Recently, I’ve been frustrated trying to shoot panoramic photographs of room interiors. I decided today to take a different tack on the problem. I am pleased with the results.
The problem with interior panoramic photographs is those dang windows to the outside world. They are almost always many stops of light brighter than the ambient room light. At night, they tend to many stops darker. You just can’t shoot all your panoramas at dusk. The building invariably faces the wrong way for that. So you are left to shoot in that 15 minute window of balanced light, resort to software shenanigans or light it yourself.
Here is a photo of my first panoramic attempt at a tight interior. It was shot with ambient light – very warm ambient light. I waited till noon to get the light as even as I could out the window. The windows completely overexposed anyway. I ended up shooting the windows separately and painstakingly cutting and pasting them in via image editing software. Notice those nice barrel-distortion curves. It was no picnic!

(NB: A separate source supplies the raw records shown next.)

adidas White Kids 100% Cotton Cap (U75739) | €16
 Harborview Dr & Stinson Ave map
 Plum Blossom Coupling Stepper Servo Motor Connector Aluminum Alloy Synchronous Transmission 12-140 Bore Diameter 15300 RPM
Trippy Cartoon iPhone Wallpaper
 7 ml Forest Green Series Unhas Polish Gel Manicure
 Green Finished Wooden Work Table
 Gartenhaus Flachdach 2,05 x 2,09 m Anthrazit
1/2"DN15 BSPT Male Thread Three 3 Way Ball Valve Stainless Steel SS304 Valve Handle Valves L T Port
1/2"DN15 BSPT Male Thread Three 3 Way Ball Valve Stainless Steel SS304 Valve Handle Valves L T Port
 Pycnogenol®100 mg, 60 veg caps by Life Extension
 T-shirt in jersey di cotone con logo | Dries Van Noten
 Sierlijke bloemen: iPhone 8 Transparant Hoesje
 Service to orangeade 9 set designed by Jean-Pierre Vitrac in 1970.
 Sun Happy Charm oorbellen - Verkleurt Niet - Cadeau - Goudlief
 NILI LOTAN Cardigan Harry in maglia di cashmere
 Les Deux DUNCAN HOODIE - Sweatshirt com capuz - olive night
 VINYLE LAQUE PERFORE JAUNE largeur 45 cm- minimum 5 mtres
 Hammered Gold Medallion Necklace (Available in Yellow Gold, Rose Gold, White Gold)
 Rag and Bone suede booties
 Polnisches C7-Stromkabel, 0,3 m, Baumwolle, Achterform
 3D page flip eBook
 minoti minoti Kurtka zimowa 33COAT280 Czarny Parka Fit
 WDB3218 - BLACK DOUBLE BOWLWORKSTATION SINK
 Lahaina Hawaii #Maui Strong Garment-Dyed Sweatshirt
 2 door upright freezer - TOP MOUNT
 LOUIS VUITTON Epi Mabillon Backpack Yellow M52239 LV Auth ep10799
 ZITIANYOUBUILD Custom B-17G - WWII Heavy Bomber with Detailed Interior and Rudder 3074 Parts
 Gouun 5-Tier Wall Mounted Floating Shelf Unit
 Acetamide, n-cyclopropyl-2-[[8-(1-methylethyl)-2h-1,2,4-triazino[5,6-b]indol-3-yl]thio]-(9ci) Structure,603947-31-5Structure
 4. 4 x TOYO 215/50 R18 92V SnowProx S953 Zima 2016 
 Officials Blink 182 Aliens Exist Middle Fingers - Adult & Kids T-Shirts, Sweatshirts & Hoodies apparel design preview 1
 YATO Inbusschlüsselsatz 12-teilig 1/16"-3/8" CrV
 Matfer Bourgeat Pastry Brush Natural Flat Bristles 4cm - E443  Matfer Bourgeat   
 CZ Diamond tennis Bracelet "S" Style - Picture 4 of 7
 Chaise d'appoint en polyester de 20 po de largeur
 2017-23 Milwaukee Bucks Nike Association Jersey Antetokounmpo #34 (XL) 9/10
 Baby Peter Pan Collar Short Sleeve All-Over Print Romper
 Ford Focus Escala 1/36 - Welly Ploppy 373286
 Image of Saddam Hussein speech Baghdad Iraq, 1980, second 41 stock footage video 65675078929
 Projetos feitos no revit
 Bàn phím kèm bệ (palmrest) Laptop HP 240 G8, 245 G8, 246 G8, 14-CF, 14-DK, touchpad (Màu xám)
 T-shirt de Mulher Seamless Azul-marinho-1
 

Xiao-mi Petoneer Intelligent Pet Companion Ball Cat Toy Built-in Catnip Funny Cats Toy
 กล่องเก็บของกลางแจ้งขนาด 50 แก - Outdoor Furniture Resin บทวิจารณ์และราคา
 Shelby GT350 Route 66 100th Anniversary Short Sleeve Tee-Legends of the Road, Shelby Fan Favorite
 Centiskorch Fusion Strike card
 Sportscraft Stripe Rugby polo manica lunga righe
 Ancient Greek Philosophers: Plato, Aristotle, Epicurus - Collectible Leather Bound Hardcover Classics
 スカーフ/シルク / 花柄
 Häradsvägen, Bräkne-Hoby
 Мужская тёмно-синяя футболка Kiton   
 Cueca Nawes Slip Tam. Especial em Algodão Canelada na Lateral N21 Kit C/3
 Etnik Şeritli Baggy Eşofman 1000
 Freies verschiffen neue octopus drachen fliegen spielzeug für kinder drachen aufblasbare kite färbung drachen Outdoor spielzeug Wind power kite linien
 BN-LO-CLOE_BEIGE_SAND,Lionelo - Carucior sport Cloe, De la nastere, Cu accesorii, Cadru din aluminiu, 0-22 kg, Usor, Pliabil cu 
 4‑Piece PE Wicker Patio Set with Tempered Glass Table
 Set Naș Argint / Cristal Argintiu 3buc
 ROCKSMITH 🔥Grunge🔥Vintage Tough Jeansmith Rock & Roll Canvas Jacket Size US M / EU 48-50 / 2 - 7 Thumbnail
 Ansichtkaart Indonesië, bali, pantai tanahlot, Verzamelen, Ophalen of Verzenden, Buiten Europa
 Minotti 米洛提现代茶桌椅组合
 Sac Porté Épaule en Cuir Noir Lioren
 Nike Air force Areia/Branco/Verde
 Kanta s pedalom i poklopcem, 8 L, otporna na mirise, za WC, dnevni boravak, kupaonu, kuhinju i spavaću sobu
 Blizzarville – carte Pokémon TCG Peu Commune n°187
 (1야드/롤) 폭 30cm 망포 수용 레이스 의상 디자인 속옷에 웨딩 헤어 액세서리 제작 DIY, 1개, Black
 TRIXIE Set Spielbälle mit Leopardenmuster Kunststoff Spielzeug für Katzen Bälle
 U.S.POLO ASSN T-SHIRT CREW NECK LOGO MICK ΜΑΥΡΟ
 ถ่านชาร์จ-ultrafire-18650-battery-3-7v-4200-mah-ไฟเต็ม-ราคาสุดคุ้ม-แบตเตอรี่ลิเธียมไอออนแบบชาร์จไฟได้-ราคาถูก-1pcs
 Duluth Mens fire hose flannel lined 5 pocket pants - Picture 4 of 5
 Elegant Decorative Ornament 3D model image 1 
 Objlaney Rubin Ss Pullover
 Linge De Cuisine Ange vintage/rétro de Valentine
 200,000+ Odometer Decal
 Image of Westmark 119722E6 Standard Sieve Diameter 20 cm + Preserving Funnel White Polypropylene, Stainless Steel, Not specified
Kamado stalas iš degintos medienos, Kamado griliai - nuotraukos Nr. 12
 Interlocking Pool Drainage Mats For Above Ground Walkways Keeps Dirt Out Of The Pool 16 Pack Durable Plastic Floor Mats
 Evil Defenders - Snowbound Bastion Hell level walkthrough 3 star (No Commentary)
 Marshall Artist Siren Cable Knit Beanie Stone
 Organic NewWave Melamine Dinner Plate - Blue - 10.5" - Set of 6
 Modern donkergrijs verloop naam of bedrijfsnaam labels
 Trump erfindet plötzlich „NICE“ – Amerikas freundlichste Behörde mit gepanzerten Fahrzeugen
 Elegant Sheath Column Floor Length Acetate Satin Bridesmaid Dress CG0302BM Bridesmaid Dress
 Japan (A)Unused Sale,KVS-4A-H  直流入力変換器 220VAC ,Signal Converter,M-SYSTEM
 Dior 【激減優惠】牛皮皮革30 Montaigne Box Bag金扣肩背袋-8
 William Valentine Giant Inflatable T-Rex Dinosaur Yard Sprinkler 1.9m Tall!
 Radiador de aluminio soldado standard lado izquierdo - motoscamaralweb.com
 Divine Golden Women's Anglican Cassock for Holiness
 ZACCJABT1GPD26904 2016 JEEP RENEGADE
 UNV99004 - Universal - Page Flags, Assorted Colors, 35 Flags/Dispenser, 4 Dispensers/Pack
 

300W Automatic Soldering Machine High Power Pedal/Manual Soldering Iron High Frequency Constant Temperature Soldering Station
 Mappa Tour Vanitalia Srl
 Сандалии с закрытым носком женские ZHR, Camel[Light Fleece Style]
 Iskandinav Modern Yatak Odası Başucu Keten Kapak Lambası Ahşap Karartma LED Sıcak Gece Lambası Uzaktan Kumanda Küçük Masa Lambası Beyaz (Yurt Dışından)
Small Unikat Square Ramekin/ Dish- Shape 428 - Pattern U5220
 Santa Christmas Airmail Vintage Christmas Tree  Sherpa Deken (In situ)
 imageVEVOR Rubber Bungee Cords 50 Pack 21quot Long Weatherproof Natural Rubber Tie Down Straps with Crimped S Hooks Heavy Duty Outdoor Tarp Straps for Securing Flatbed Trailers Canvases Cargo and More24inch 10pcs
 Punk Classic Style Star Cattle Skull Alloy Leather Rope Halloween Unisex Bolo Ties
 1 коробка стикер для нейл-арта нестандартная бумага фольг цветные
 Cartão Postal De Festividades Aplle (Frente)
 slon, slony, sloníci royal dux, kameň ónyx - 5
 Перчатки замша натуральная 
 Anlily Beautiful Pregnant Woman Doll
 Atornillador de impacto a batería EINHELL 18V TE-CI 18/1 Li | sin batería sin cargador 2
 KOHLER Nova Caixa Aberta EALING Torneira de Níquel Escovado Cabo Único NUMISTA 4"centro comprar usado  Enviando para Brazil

Next, I tried the HDR Route of panoramic photography. By bracketing exposures and then combining them, I was able to compensate for widely-varying light conditions inside and out and get and image which (barely) made me happy.
HDR photographs are starting to get very old to me. I was one of the early proponents of the process of using software like Photomatix to combine multiple exposures. After looking at some recent photography shows, the promise of HDR has faded into the annoying obscurity of the latest fad effect. It screams fake instead of the truthful mimicry of the range of human sight which was its original promise.
Discouraged with software solutions of replacement pains (no pun intended) and the gimmickry of combining exposures in a slightly-less-than-realistic manner, I turned to one of the basic tenants of photography. “Get it right in the field.”
As you know I have been experimenting with Strobes in the field, courtesy of the Strobist’s teachings.
Today we attacked the problem with off-camera strobes. Setting the camera to manual and exposing for the windows we find our base exposure. The remaining trick is to get the light balanced for the room. A Canon 580EX flash with a Sto-Fen Omni bounce was used at 1/2 power + 1/3 stop. It was mounted above the tripod and circled on the panorama rig as I moved it around the room. I ended up with a darker shot in some corners than I wanted originally.
Into my old lighting suitcase I went and pulled out an ancient Spiratone screw-in strobe and placed it in the overhead fixture. (You can actually see its reflection in the glass of the lighthouse picture) Now, I had enough light to light the room evenly. Well, evenly enough to determine that I had some really ugly stains on my carpet.
What does anyone do with these stupid-looking panoramas? They make QTVR movies and sell them to real-estate agencies, remodelers and others for their web sites! The Video is Here (4MB Download and you must have Apple QuickTime on your system to view it, move around inside and zoom in and out.
Again, and not to sound like a broken record (‘broken record’? that expression is a little long in the tooth (‘long in the tooth’? Am I that old?)) Let’s see-did I count the parenthesis correctly? Anyway-I digress. To repeat myself. Capture Correctly and Save Work!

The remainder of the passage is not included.